MasterCard concedes to transgender movement, allows users to pick their names for their card
MasterCard announced that customers will now be able to choose another name for their credit cards, focusing on the gender identity craze, calling their new line cards: “True Name” cards for the “transgender and non-binary communities” who feel offended by having to use their legal name on credit, debit, or prepaid cards.
This will be achieved through a “sensitive and private process free of personal questions” that doesn’t require a legal name change.
The LGBT lobby’s terminology includes references to a person’s legal birth names as “deadnames” and quoting the company’s chief diversity and inclusion officer, Randall Tucker, declaring that MasterCard’s staffers consider themselves “allies of the LGBTQIA+ community” who “want to be a force for change.”
In addition to increased identity theft issues, not having a credit card which matches your government-issued identification could present a number of technical challenges.
“Airline loyalty accounts typically require you to use your legal name that is on your driver’s license or passport,” CompareCards chief industry analyst Matt Schulz told MarketWatch. “If you want to collect rewards points with your credit card and have them match with an airline loyalty account, you will have to have your legal name with that credit card.”
Other experts were quick to question if banks will respond to card names and ID names for purposes such as cash advances, and to comply with federal regulations.
Others claim that greater adoption of fingerprint or facial recognition verification was expected to alleviate the issue.
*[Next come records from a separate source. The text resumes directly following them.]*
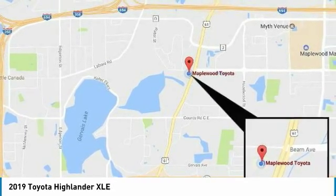Searching for a dependable vehicle that looks great too? You found it, so stop in today.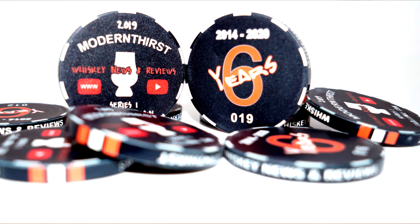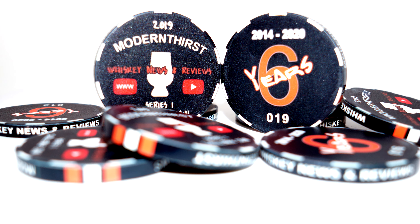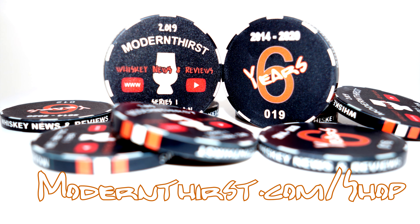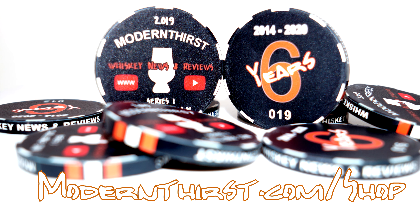Hey, Modern Thirst now has collector's coins available for purchase. To celebrate the end of 2019 and our sixth anniversary in January of 2020, we printed a hundred specially designed coins. They're individually numbered and they make perfect Glencairn glass covers. If you're interested in purchasing, they're $10 each, including shipping. To order them, you can go to modernthirst.com/shop. And remember, we only printed 100, so there's not a ton of these out there.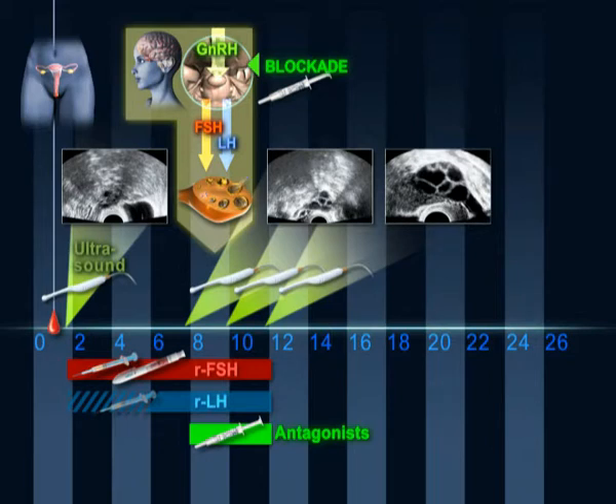When at least three follicles have grown to a size of at least 18 mm, final follicular maturation is triggered with the hormone HCG. The oocytes that are within the follicles will begin to mature.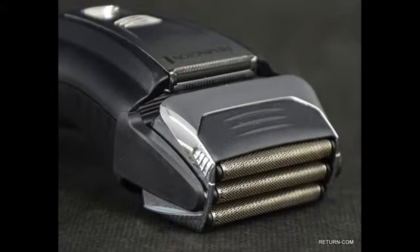When it comes to closeness, Remington shavers are the best choice in the entry-level $20–$50 electric shaver category. They usually outperform shavers from other top brands in the same category.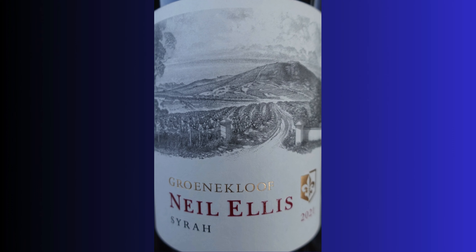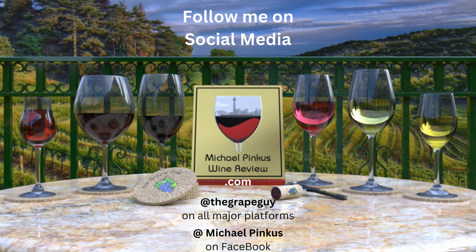You can subscribe to this series by clicking on the icon at the bottom right-hand corner of this video. Visit the website michaelpincuswinerview.com to sign up for the newsletter and see all the other wine-related content provided. And now you can become a supporter through patreon.com/michaelpincus and pick up some great swag for doing so. Thanks for watching. See you next week.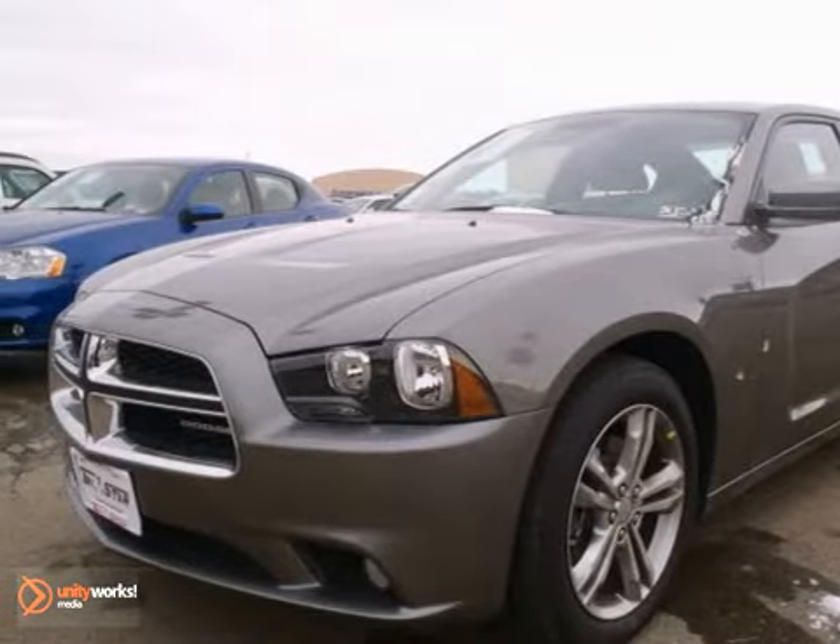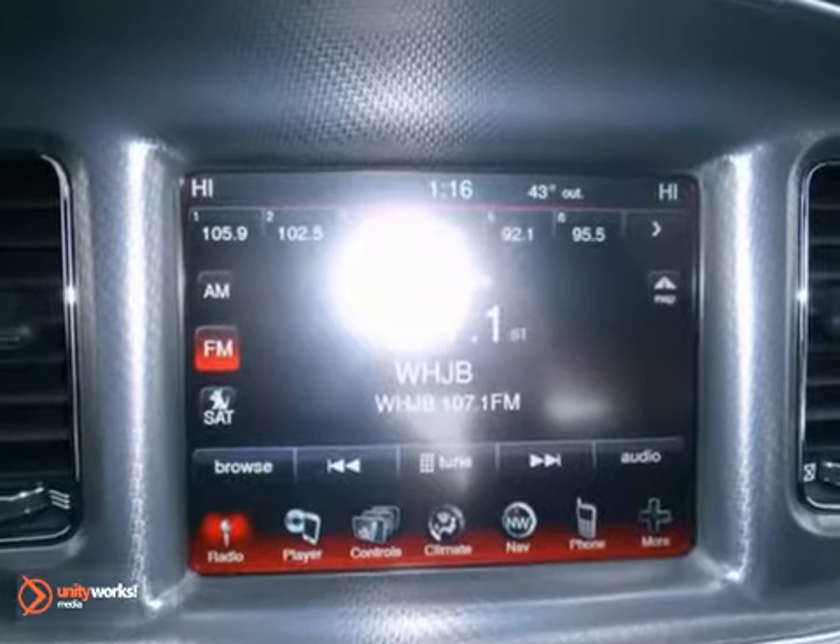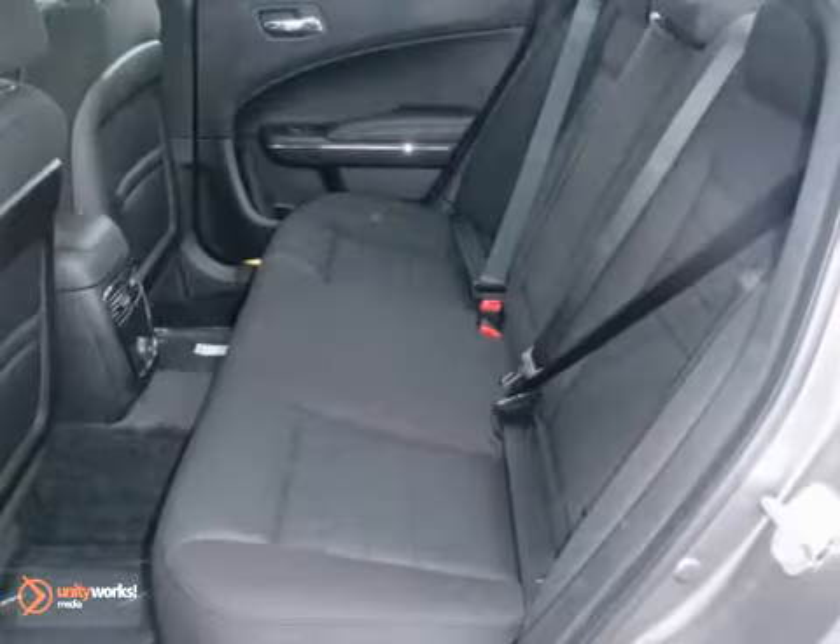Here's a 2012 Dodge Charger SXT. It offers the ambient light package, heated leather seats with lumbar adjustment and a multi-function steering wheel. And with a moonroof and a rear spoiler, it won't be here long.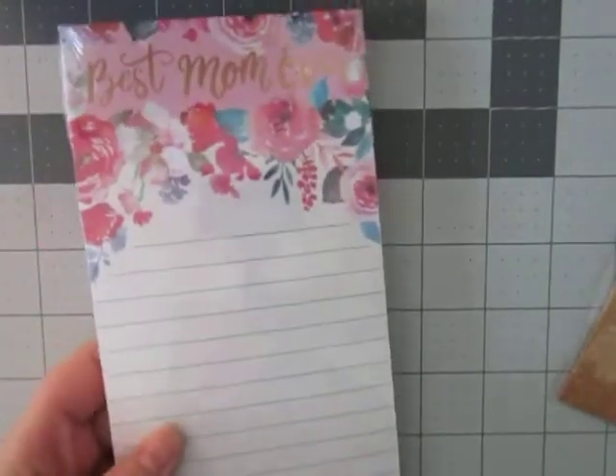I also picked up this for my daughter-in-law for Mother's Day. It was really cute and I thought it would help her plan stuff a little better. And for my mother-in-law, I picked up this — 'Best Mom Ever.' How cute is that?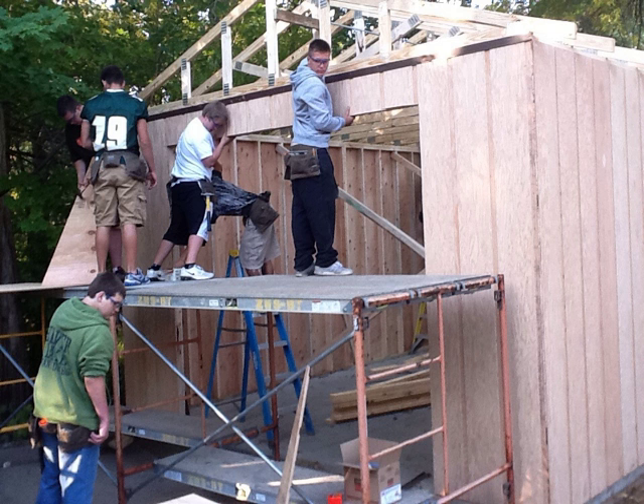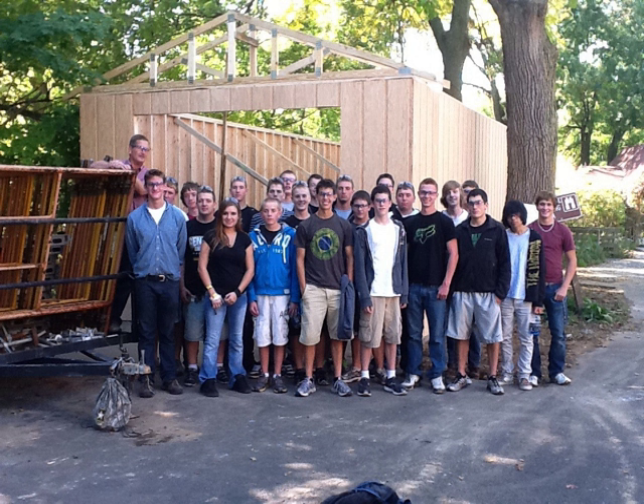The group had amazing weather for their on-site construction day. Mr. Musen praised his class for working safely and being highly productive. Great job, students!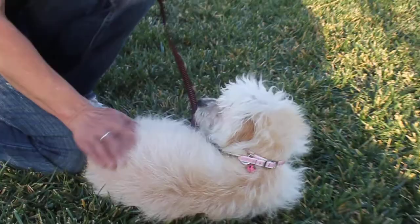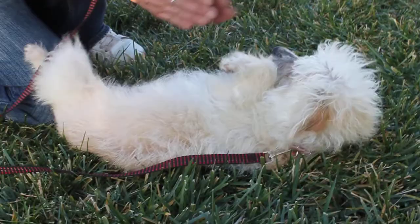This is our little Bailey and he's about a year old and he has the soft wire coat. He's so sweet. Look at him. He's like, scratch my belly, scratch my belly.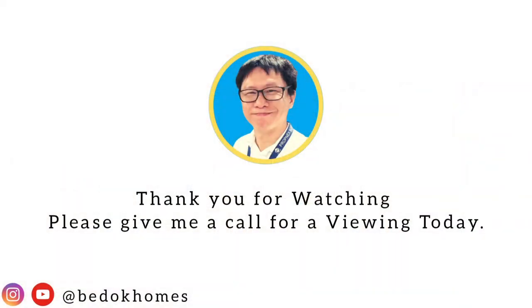So if you'd like to view this spacious apartment in the east, give me a call to schedule a viewing. I will see you soon. Bye-bye, thank you.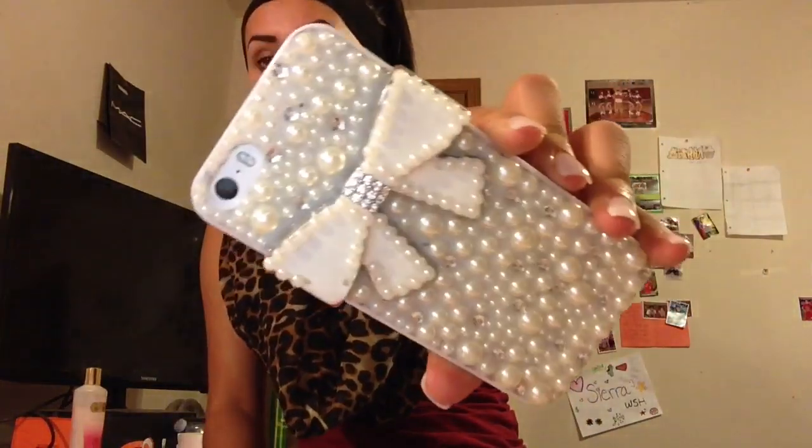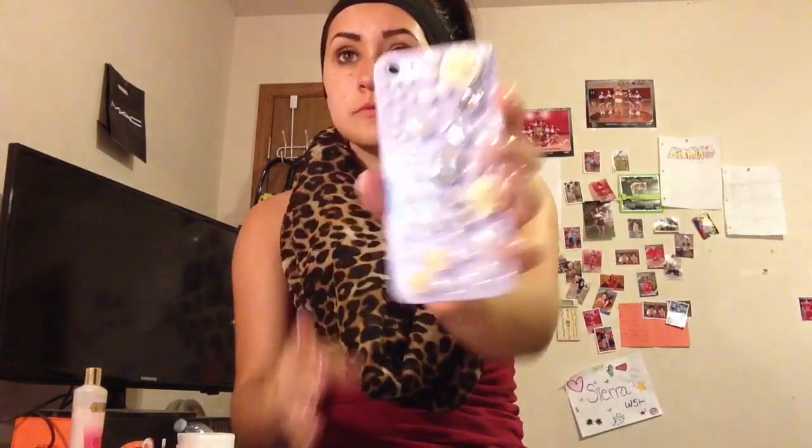But it cracked on the side, so I don't really use it — it's cracked right there and right there. Then I got this one which is like a white, and it has a bow, some pearls, and jewels. I get a lot of compliments on this phone case. And then I got this one, which is a lavender color, also from Rue21. It was $1, and it has pearls, jewels, and little flowers. I think it's so cute — probably one of my most used. I really like this one.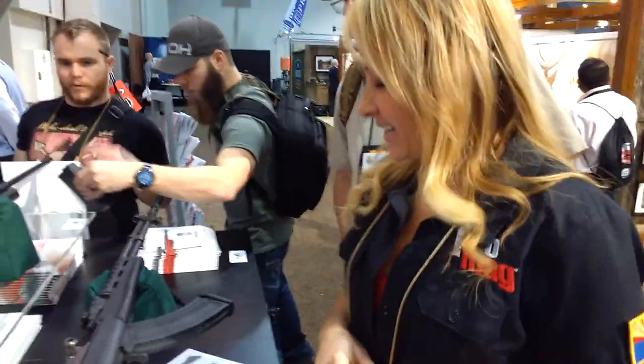Hey GearHeads, Jeff with your report here at SHOT 2016, and we've got Janelle with ProMag. She's going to tell us about some of their latest and greatest. What are you most proud about at the show today?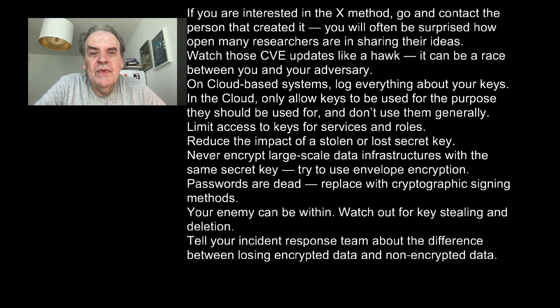Watch out for CVE updates like a hawk — it can be a race between you and your adversary. On cloud systems, log everything about your keys. In the cloud, keys should only be used for the purpose they were defined for and not used generally. Limit access to keys for services and roles. Reduce the impact of a stolen or lost secret key.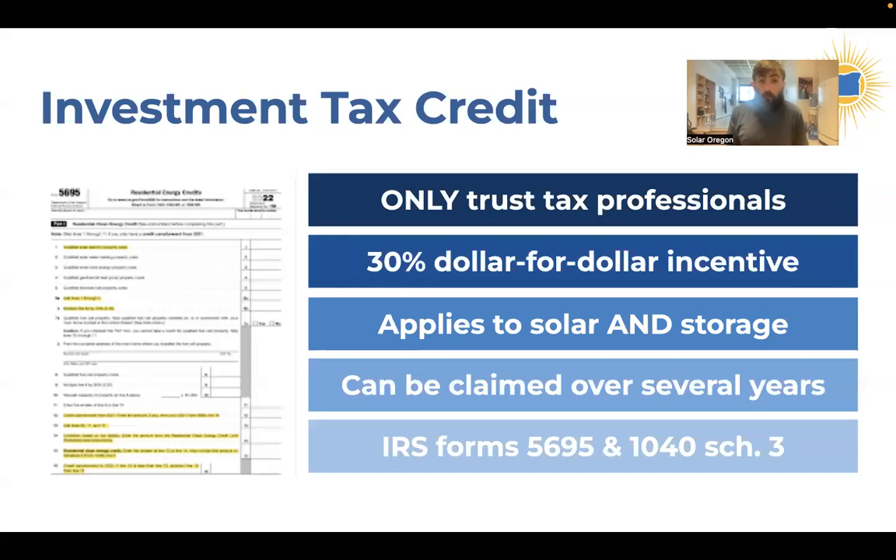We're going to have an Earth Day special webinar with tax professional Elizabeth Krauss from K&L Gates, who is a solar tax expert, and we'll take a deep dive into the investment tax credit. If you have questions, that's a good opportunity to ask them. She's been donating her services to help us provide accurate information on this topic.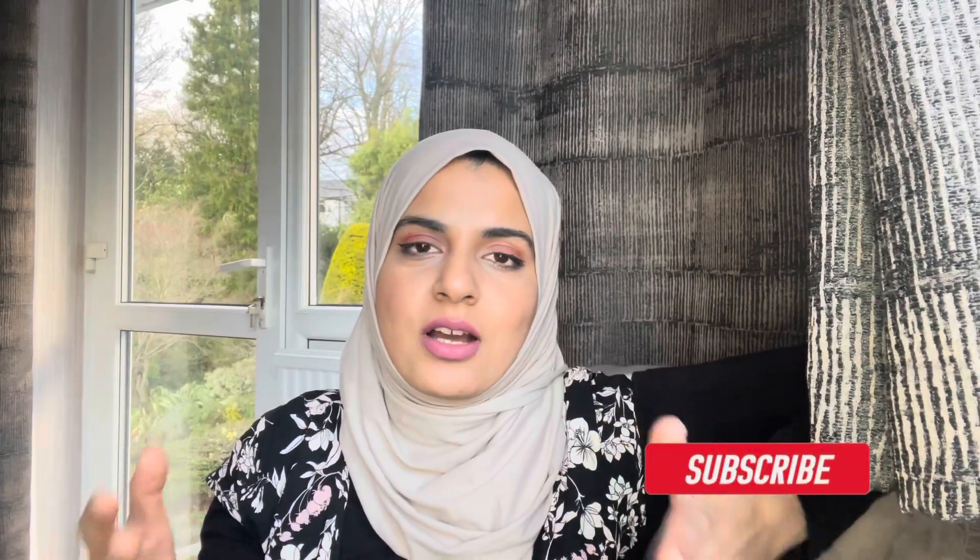Hey guys, this is Farah, welcome to my channel — we talk about building a business on Amazon. If you're interested in that, please subscribe. I was going to post another tutorial, but I came across this video and you guys have to watch this with me. Make sure you stick around and don't click out.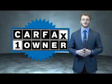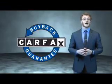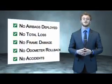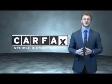This is a Carfax 100 vehicle which qualifies for the Carfax buyback guarantee. Be sure to find a complimentary copy of the Carfax vehicle history report online or contact the dealership. Just say, show me the Carfax.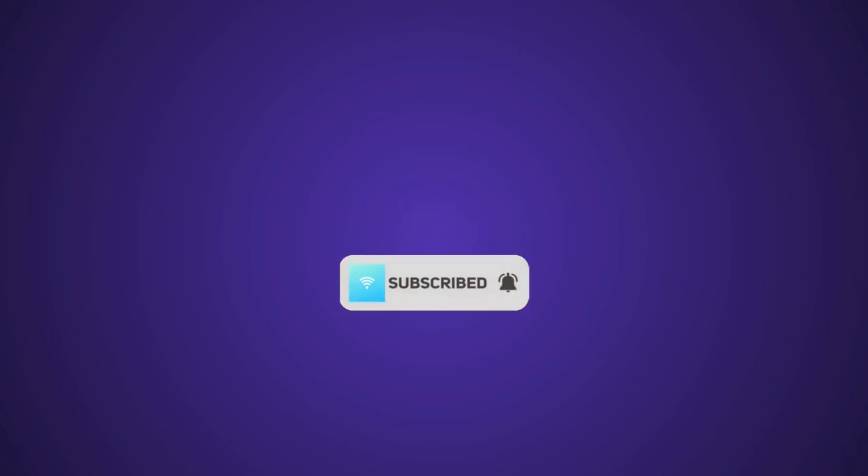I hope you found this video helpful. If you liked it, make sure to like and subscribe. Up on your screen right now is another video you might like — feel free to click that or the subscribe button. Have a great day!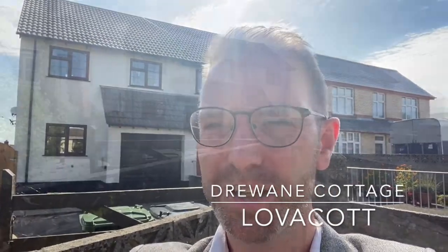Hi everyone, it's Russell here from Youmove in North Devon, and welcome to your tour around Druane Cottage. This lovely property behind me is just onto the market, so let's go and take a look.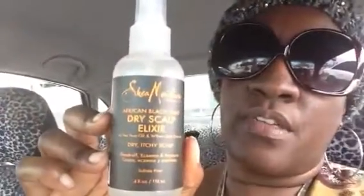I also got this because my scalp has been quite itchy with a little dandruff. I got the Dry Scalp Elixir. I want to try that. It says it has tea tree oil, willow bark extract — for dry, itchy scalp, dandruff, eczema, and other things.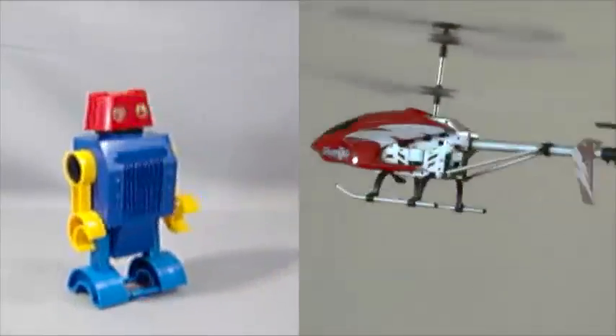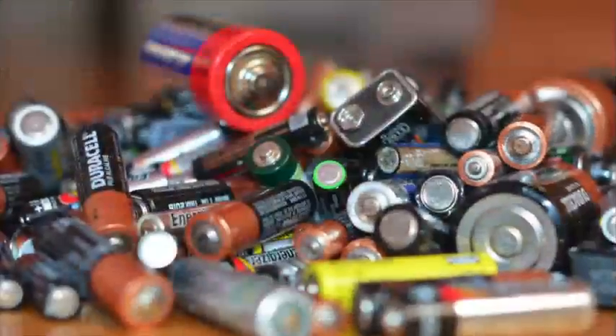For as long as we can remember, we've had batteries. They accompanied new toys on holidays, as well as new gadgets later on. While toys and tech products have changed over the years, why is it that what powers them hasn't?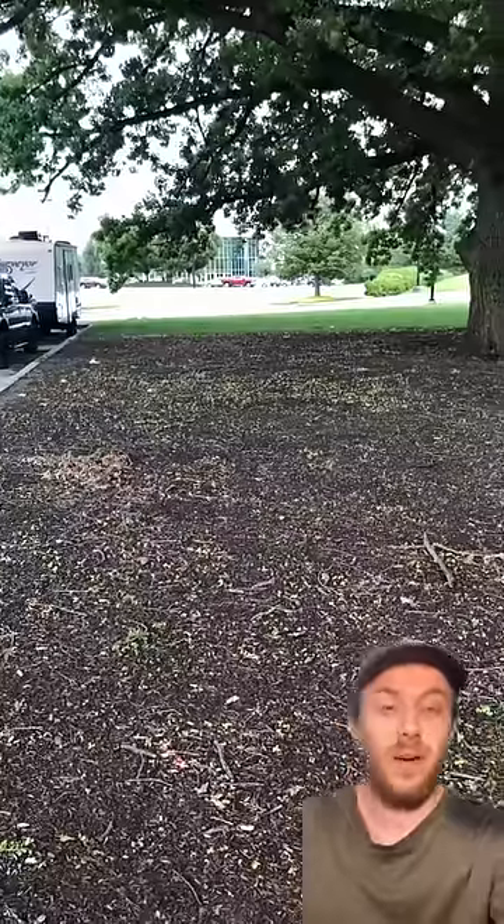Here's another good example — the developers here chose to leave these two gigantic oak trees and give them plenty of root space. And you can see just how much shade they provide.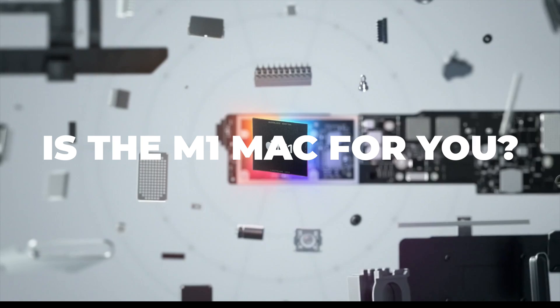Is the M1 Mac for you? Depending on your needs and your budget, buying the right computer for you now can save you time, money, and frustration down the road.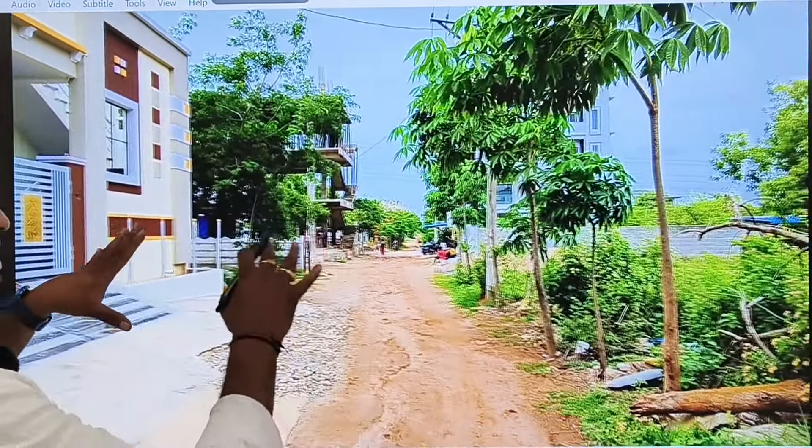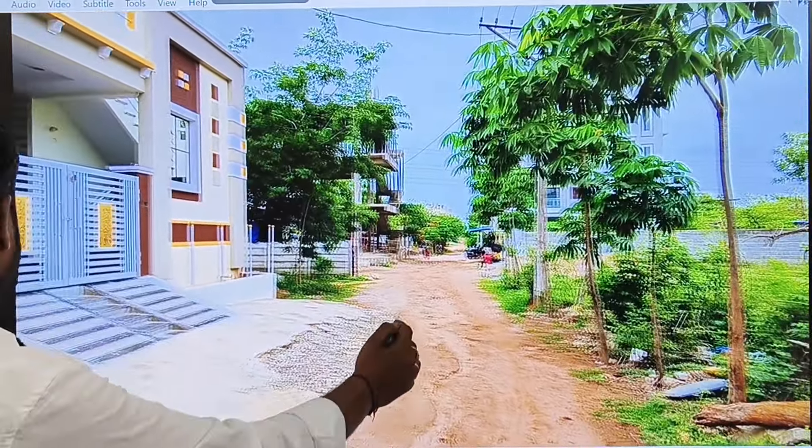We have an opposite location. We have a 25 feet road.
photo/ Michael Jarmoluk via pixabay
Digital Trends reports that MasterCard is also demonstrating its pro-LGBT credentials by partnering with the New York City Commission on Human Rights for a new street sign at Gay and Christopher Streets in New York City, the unveiling of which will be part of June’s World Pride NYC-Stonewall 50 celebration.
MasterCard has already been hostile to conservatives and those not aligned with the leftist agenda.
Last year, MasterCard temporarily cut off payment processing services to the conservative David Horowitz Freedom Center after the far-left groups Southern Poverty Law Center and Color of Change identified it as a “hate group.”